Learning Assembly
{ If you have any comments or questions regarding this tutorial, please E-mail me }
While learning ASM, i found many
tutorials to be very confusing, and did not cover assembly in the
detail that's necessary for such a complicated programming
language as this one. So, I write this rudementary tutorial in
order to ease the pain others may have learning ASM.
The problem with most beginner level tutorials is that they
assume the reader has previous programming knowledge in one
language or another. While i'll make comments that draw
connections between programming in BASIC and ASM, i hope to write
this is such a way that you can skip these remarks without
affecting your learning, therefore making this a completely
newbie-level tutorial.
I am also very much a beginner, so I have recent memory of
learning alot of the stuff i'm gonna cover.
First off, i beleive it very difficult
to learn programming without programming as you learn.

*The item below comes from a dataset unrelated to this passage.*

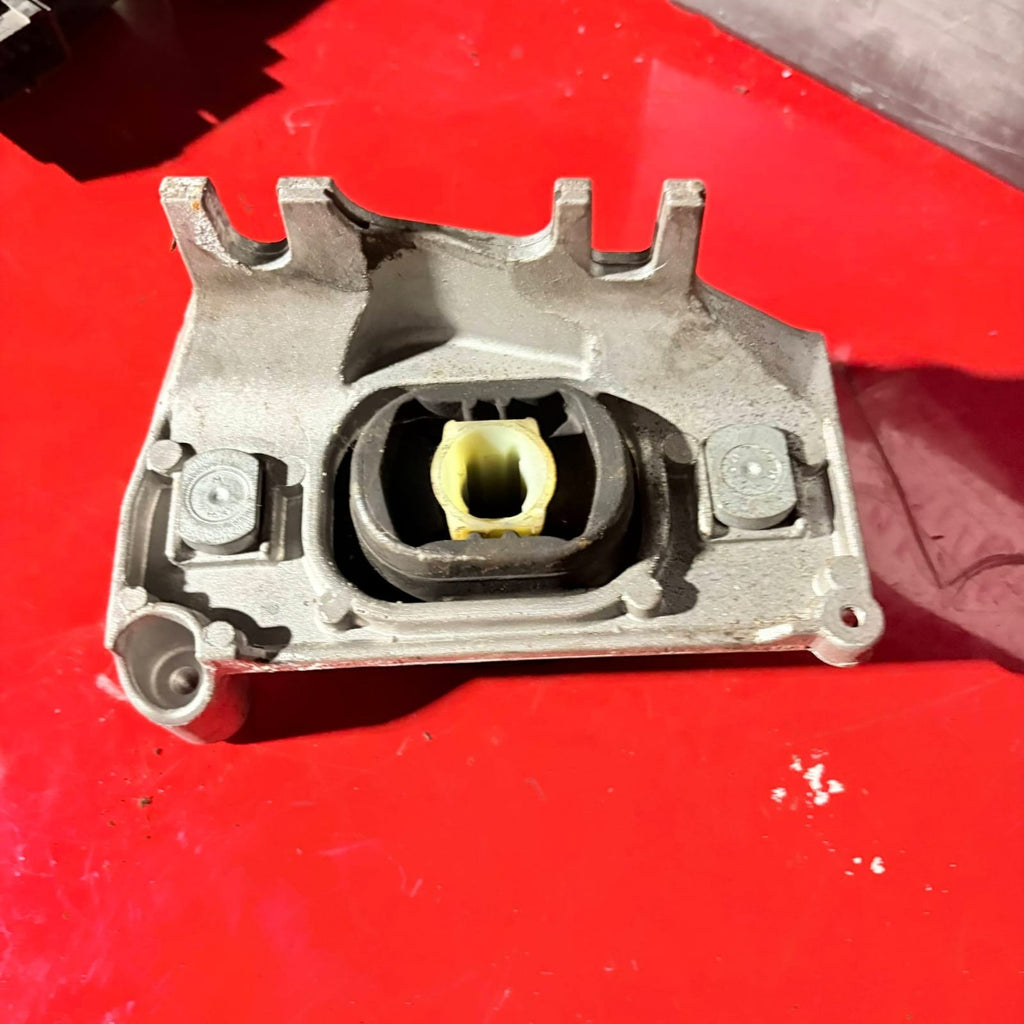 RENAULT CLIO MK4 ENGINE MOUNT 112228880R 0.9 TCE H4B 400 2018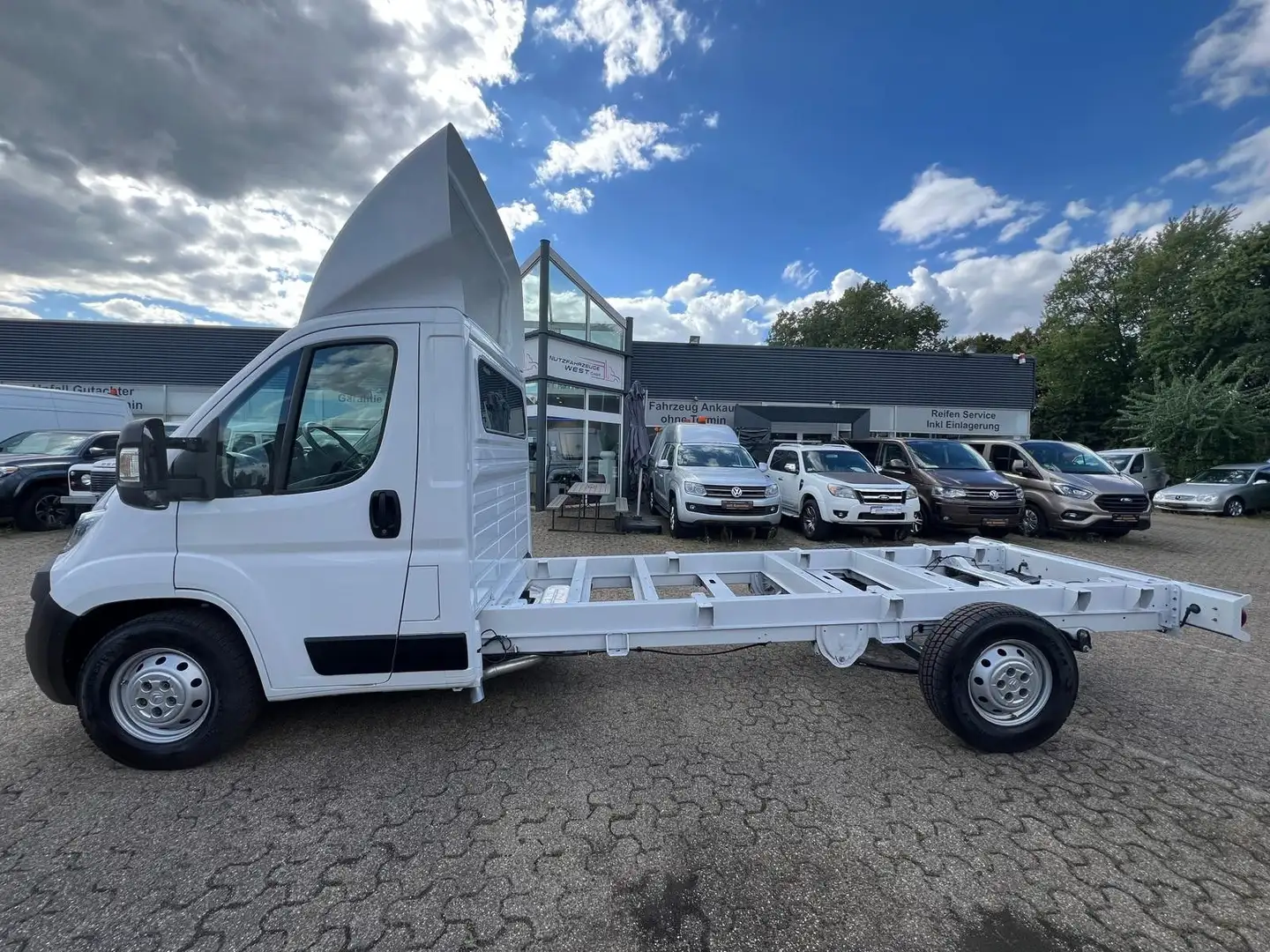 Citroen Jumper 2,2 HDI Maxi Fahrgestell *Luftfederung* Bílá - 2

So, i suggest you have a copy of TASM, a necessary utility for writing
assembly programs.
Also before you start, it's imperative you understand about
Hexedecimal + binary.
2.1 - Introduction to programming
[Those with programming experience in any other language may
want to ignore this section]
So what is programming anyway. Well, the basic idea is that a
computer program is made up of a bunch of "instructions"
that a computer follows. For the most part, a program is made by
typing in a bunch of instructions that make much more sense to us
than they do to the computer. Then, they are tranlsated, "compiled"
or "assembled" into a program that the computer can
understand. This is why you need to download an install the
software higher up on this page.
For our means, we can type these commands into a simple, standard
text editor such as "notepad". Actually, this is
preferred - if you use a more advanced program like Microsoft
Word, you'll have to make sure that you save it as "text
only". So, if you can, use Notepad. It's standard with all
versions of windows.
2.2 - Your first program
Open up notepad, or whatever you happen to have decided to
type with.
For a start, your programs should always have this skeleton:
.MODEL SMALL
.STACK 200H
.CODE
START:
END START
That is, all your programs should include these lines. Your
whole program will go in lines between "start" and
"end start".
(By the way, all things that are code on this site are red text.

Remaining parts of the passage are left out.